▶ [Work to complete]: Make an exact copy of the listing underneath, skipping each picture.

▶ [Supplied material]:
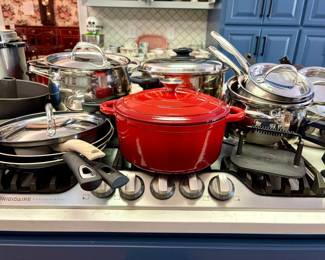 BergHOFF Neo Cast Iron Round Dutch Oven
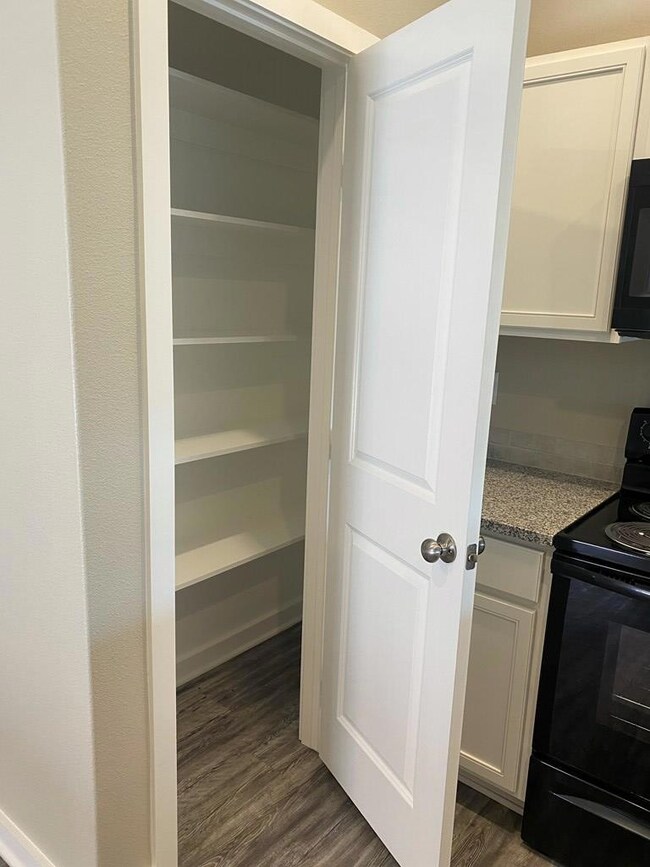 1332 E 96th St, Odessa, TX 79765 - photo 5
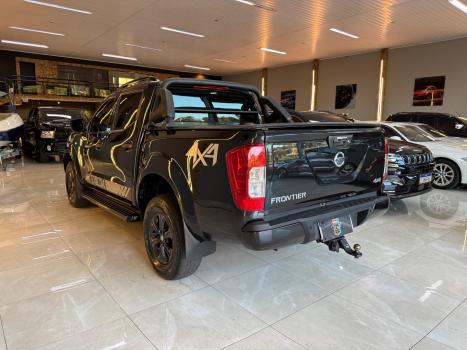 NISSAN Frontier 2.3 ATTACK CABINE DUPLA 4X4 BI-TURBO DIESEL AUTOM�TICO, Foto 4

▶ [Exercise output]:
 BergHOFF Neo Cast Iron Round Dutch Oven
 1332 E 96th St, Odessa, TX 79765 - photo 5
 NISSAN Frontier 2.3 ATTACK CABINE DUPLA 4X4 BI-TURBO DIESEL AUTOM�TICO, Foto 4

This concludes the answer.